Understanding how novices reason about coding at a neurological level has implications for training the next generation of software engineers. In recent years, medical imaging has been increasingly employed to investigate patterns of neural activity associated with coding activity. However, such studies have focused on advanced undergraduates and professionals. In a human study of 31 participants, we use functional near-infrared spectroscopy to measure the neural activity associated with introductory programming. In a controlled, contrast-based experiment, we relate brain activity when coding to that of reading natural language or mentally rotating objects (a spatial visualization task).

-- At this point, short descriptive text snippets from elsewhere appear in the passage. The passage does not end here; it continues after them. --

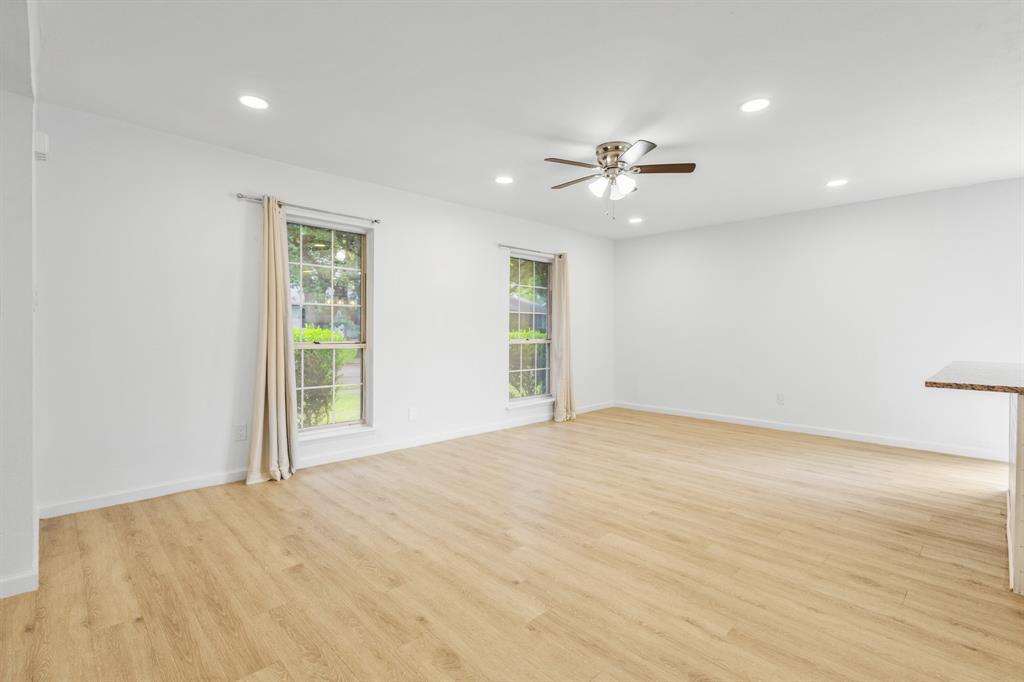 1824 Chamberlain Drive Property Photo 5
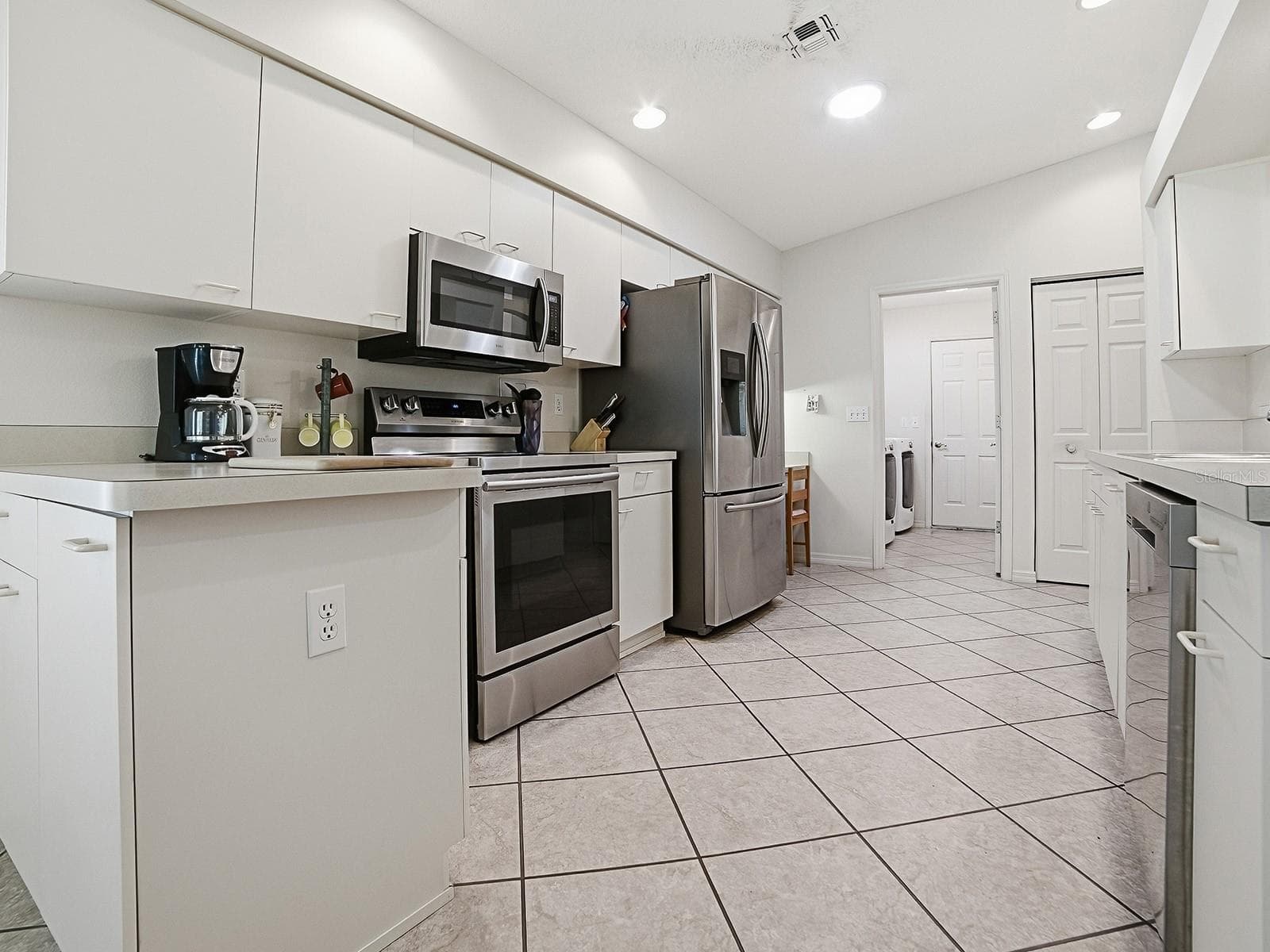 ANOTHER ANGLE - 424 RANCHWOOD DR, LEESBURG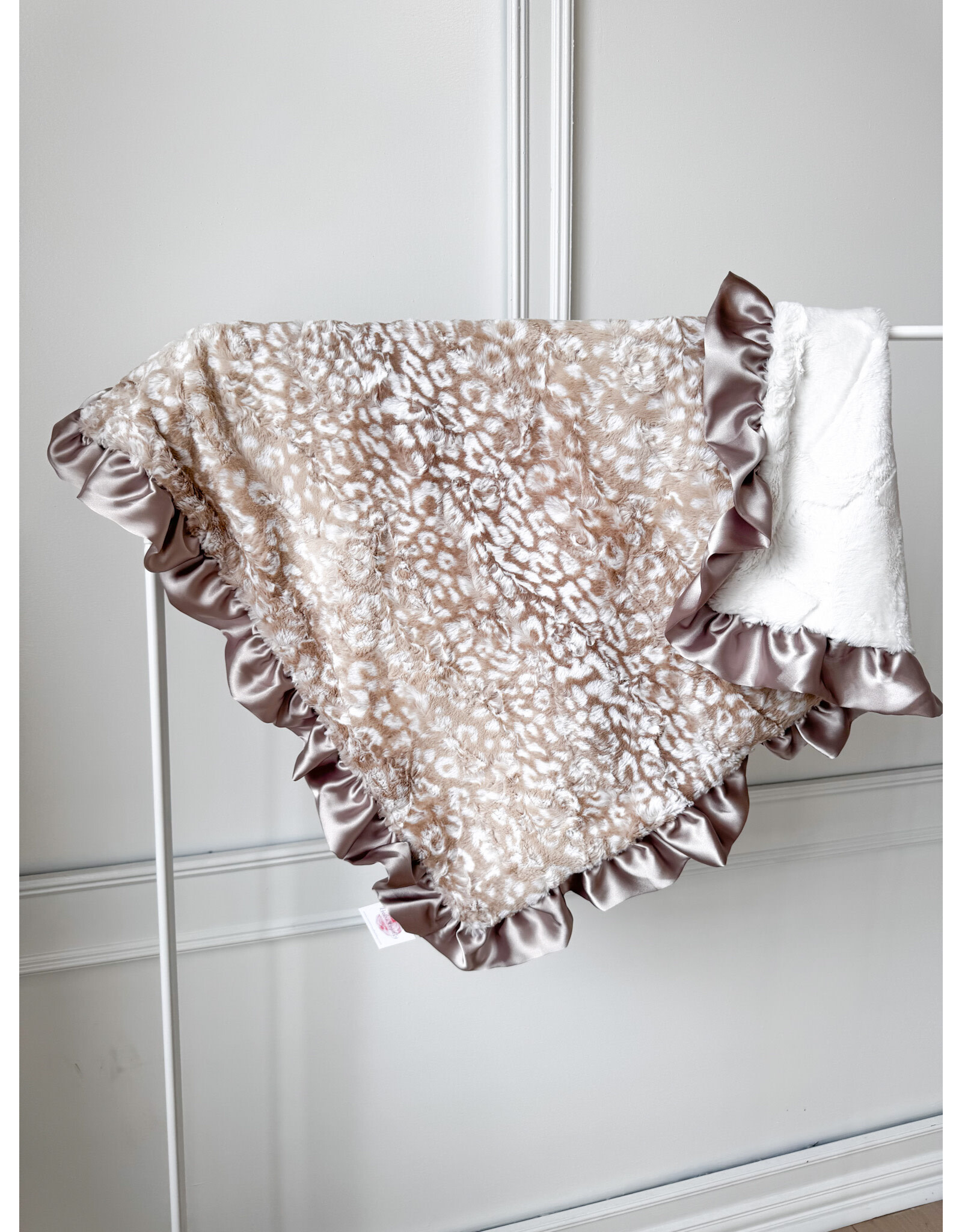 Rockin' Royalty Rockin' Royalty- Lovely Leopard Blanket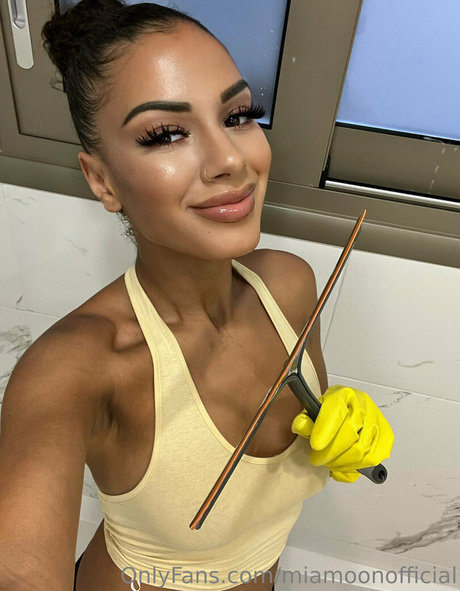 miamoonofficial high quality pornstar photos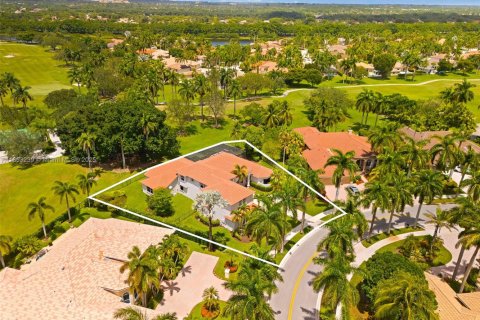 House in Weston, Florida 5 bedrooms, 511.61 sq.m. № 2034484 - photo 21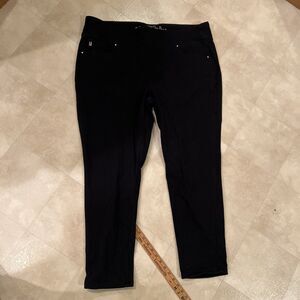 Belle Kim Gravel Believe in Your Own Beauty Black 5 pocket Pull On Jeans Size 24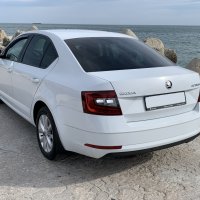 Skoda OCTAVIA 3 Style Vision facelift 1, 6 TDI, снимка 3 - Автомобили и джипове - 40039090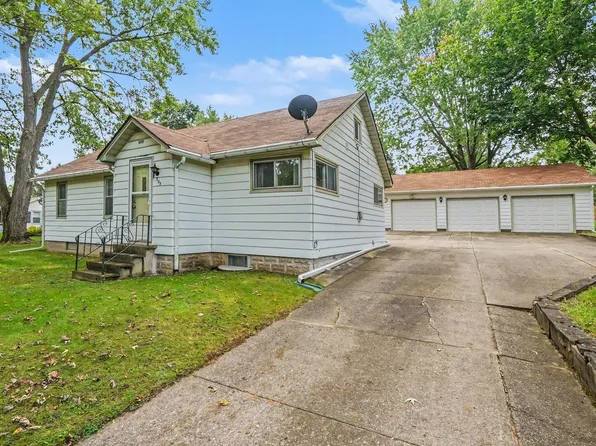 595 Royal Dr, Jackson, MI 49202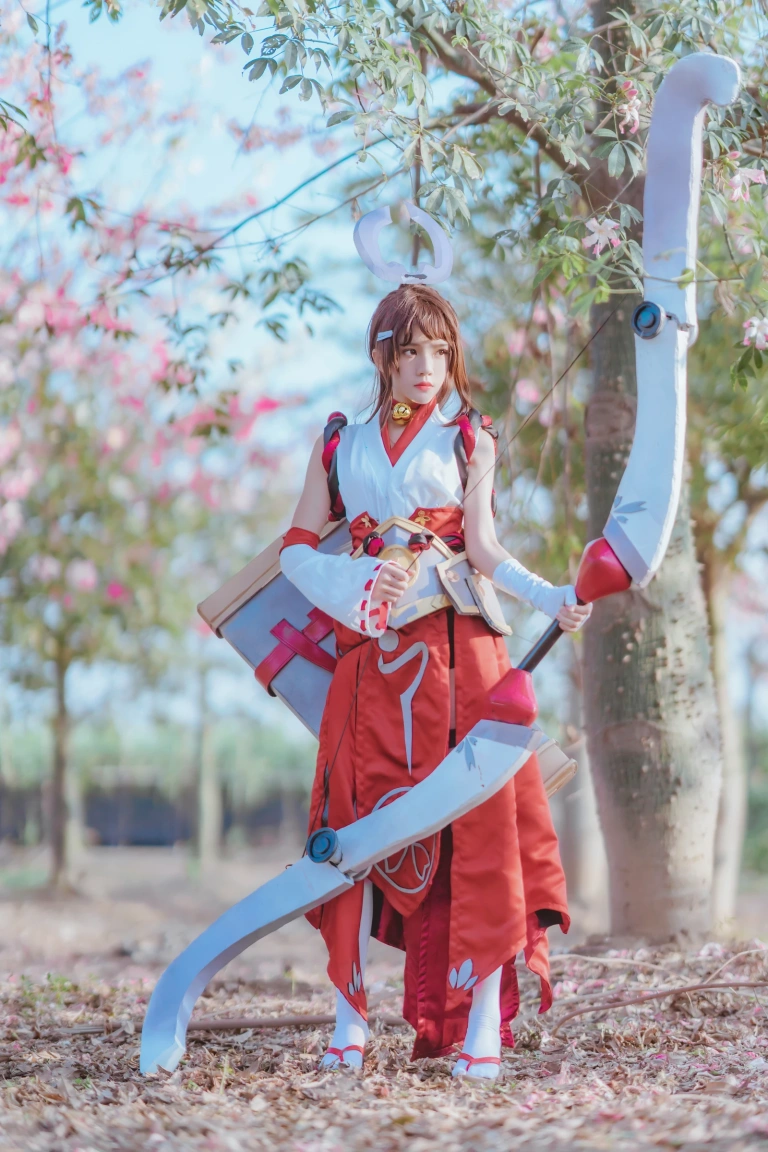 桜桃喵《花见巫女》写真图集 32P｜在线预览与图包下载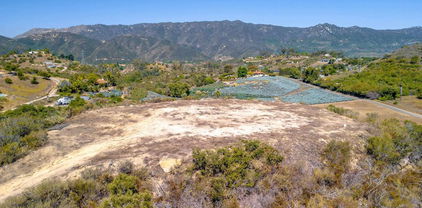 27 Daily Road, Fallbrook
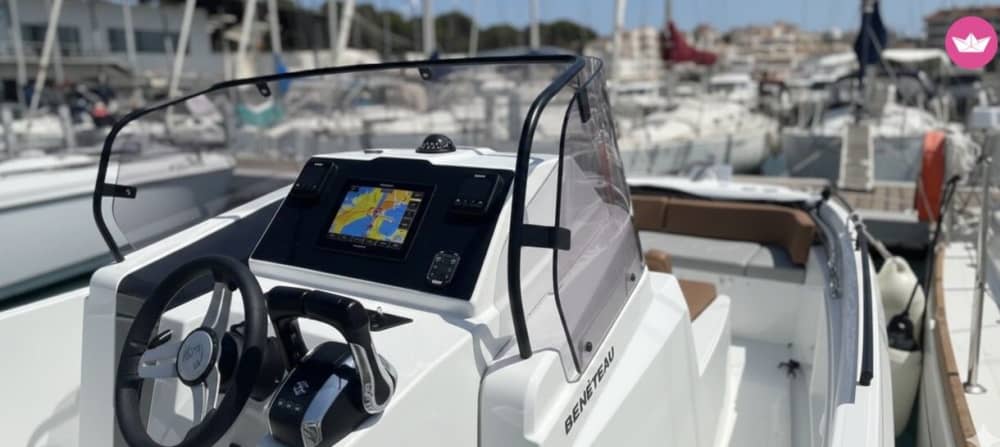 Noleggio privato di barche per mezza giornata a Palma: visita le migliori calette della baia e dei dintorni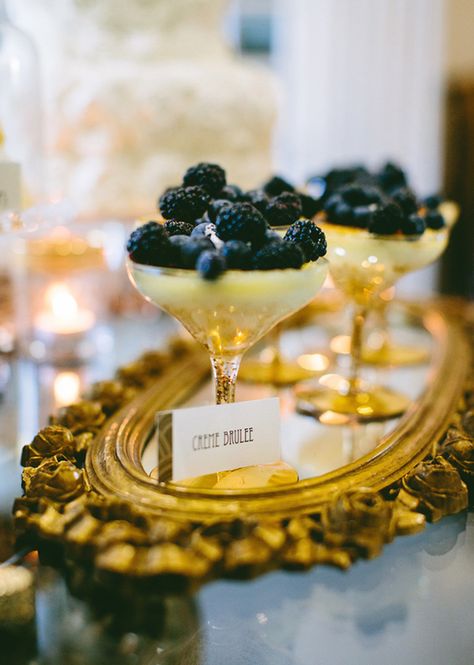 Great Gatsby inspired dessert table | photos by Lauren Scotti | 100 Layer Cake Dessert Oreo, Great Gatsby Theme, Gatsby Theme, Great Gatsby Wedding, Alton Brown, Great Gatsby Party, Wedding Dessert, Gatsby Party, Gatsby Wedding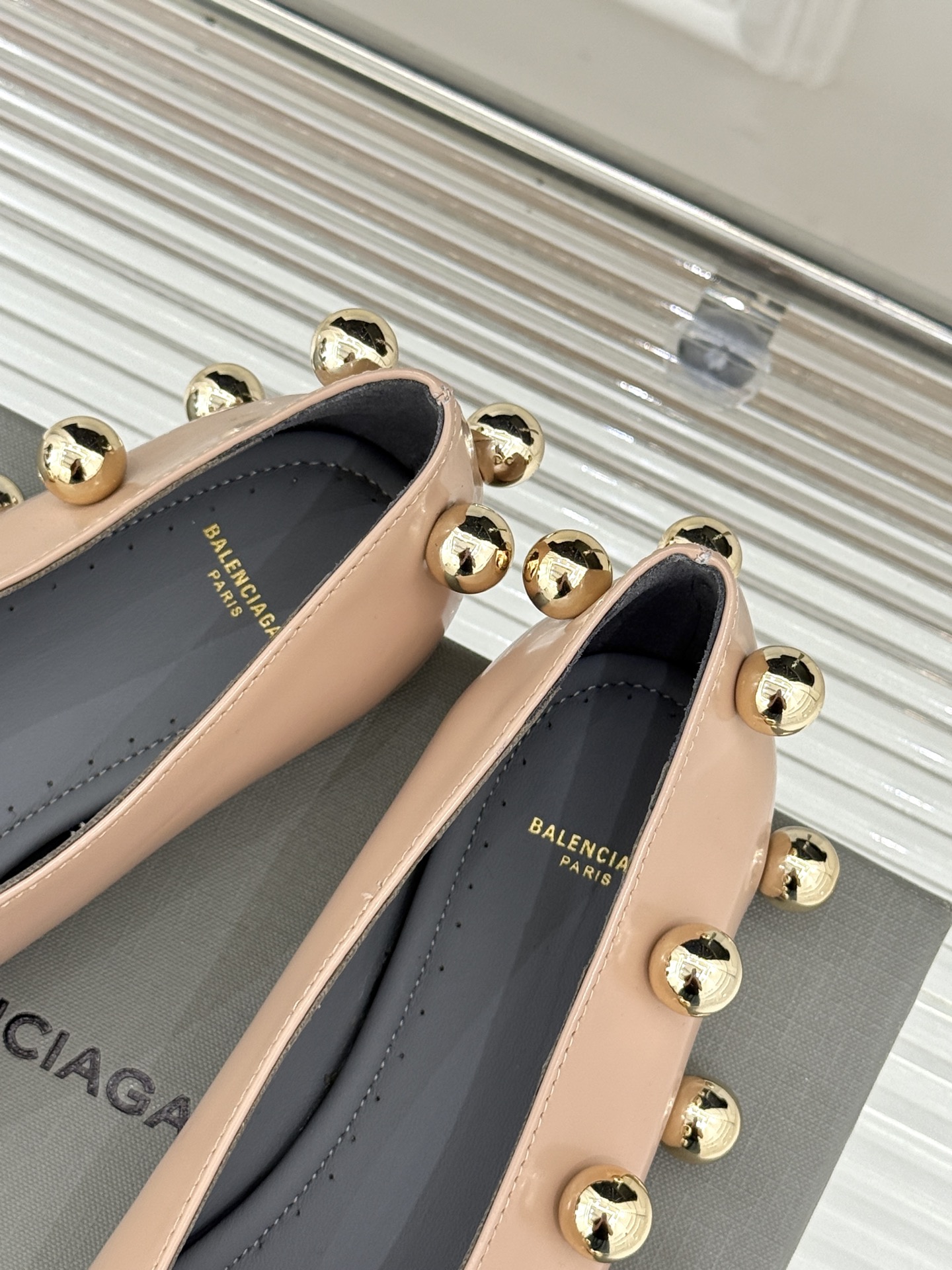 Chloe/蔻依Cleia26WF新品金属圆珠方头平底单鞋以法式极简勾勒慵懒优雅。利落方头修饰脚型温润哑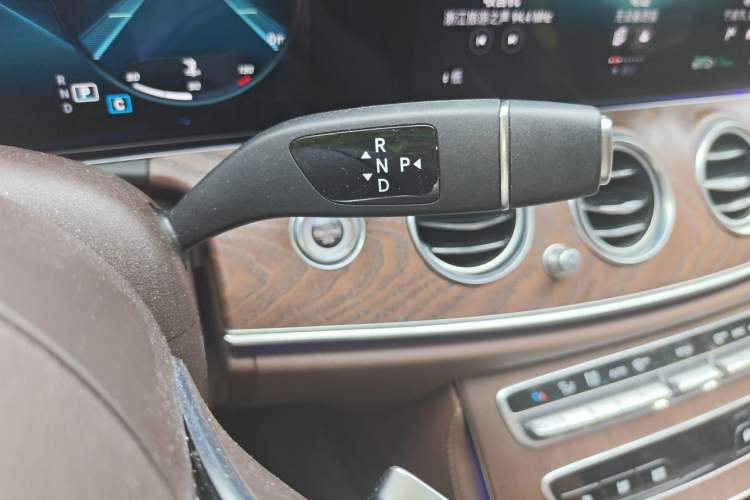 Used Mercedes-Benz E-Class 2021 Facelift E 300 L Stylish Edition Gear Lever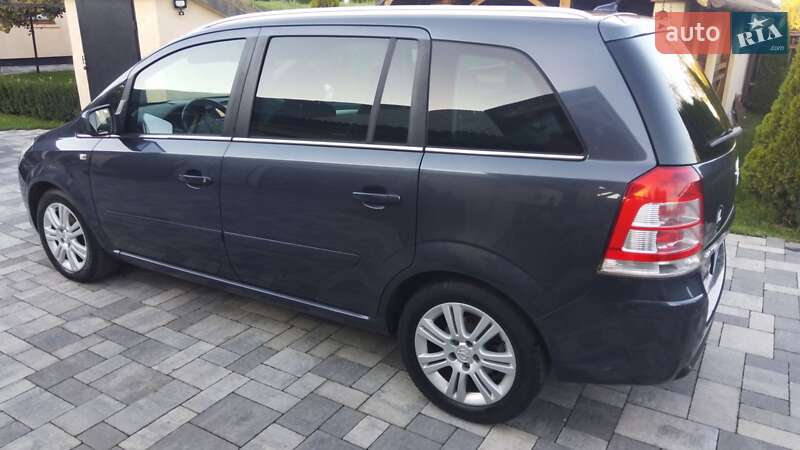 Мінівен Opel Zafira 2010 в Косові фото 5 Мінівен Opel Zafira 2010 в Косові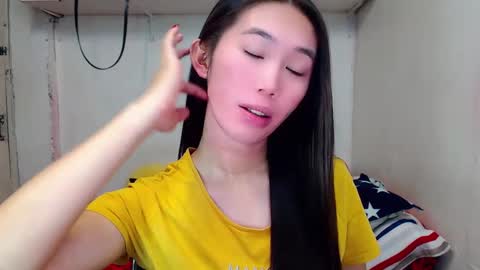 Snapshot of asianqt19 chatting on 3, 1, 2025 J A D E online show from 3, 1, 2025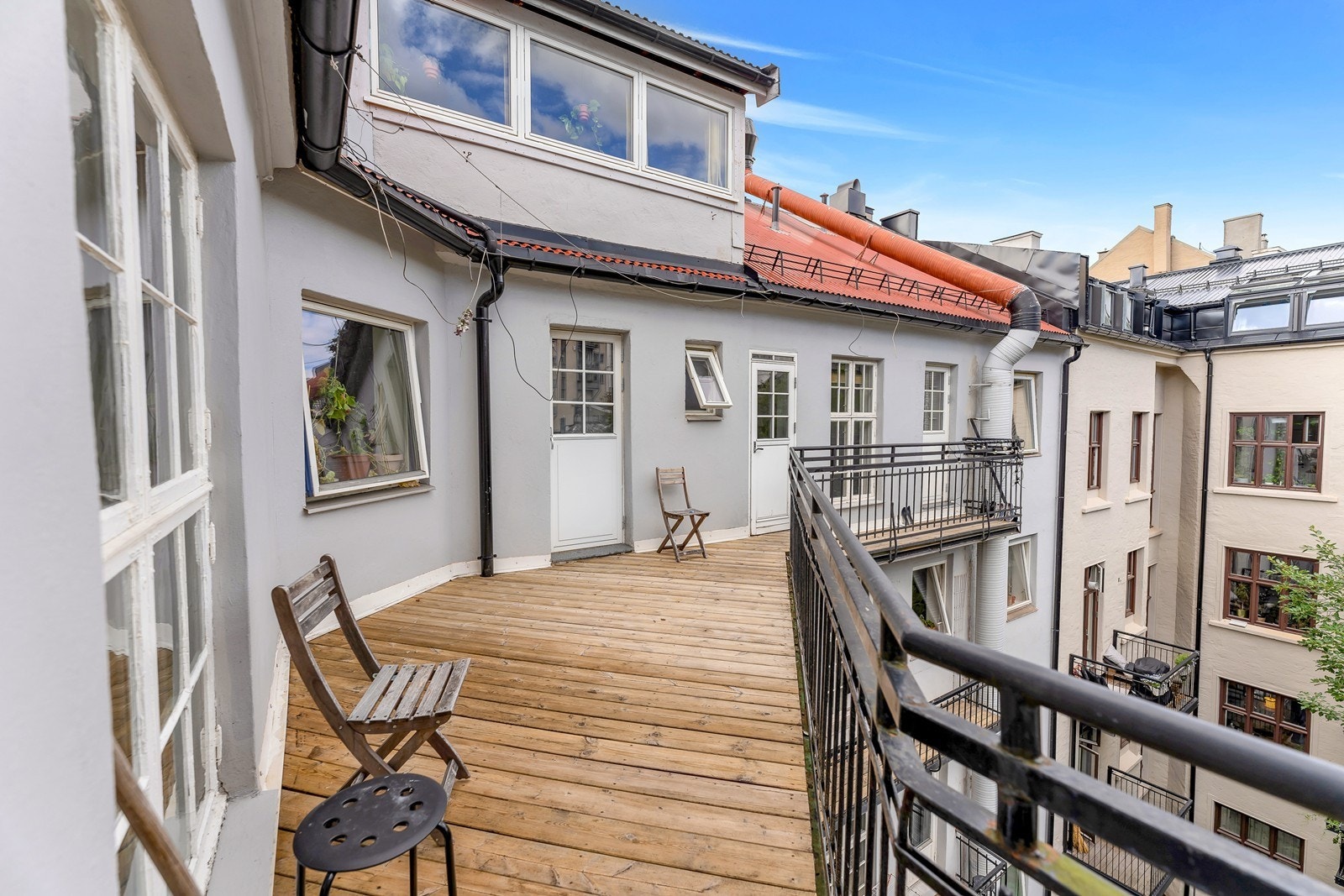 Felles balkong for sameiet. Galleribilde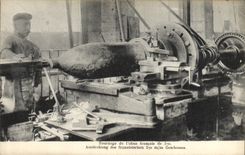 CPA Militaria Tournage de l'obus francais de 370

Our primary result is that all three tasks -- coding, prose reading, and mental rotation -- are mentally distinct for novices. However, while those tasks are neurally distinct, we find more significant differences between prose and coding than between mental rotation and coding. Intriguingly, we generally find more activation in areas of the brain associated with spatial ability and task difficulty for novice coding compared to that reported in studies with more expert developers. Finally, in an exploratory analysis, we also find a neural activation pattern predictive of programming performance 11 weeks later. While preliminary, these findings both expand on previous results (e.g., relating expertise to a similarity between coding and prose reading) and also provide a new understanding of the cognitive processes underlying novice programming.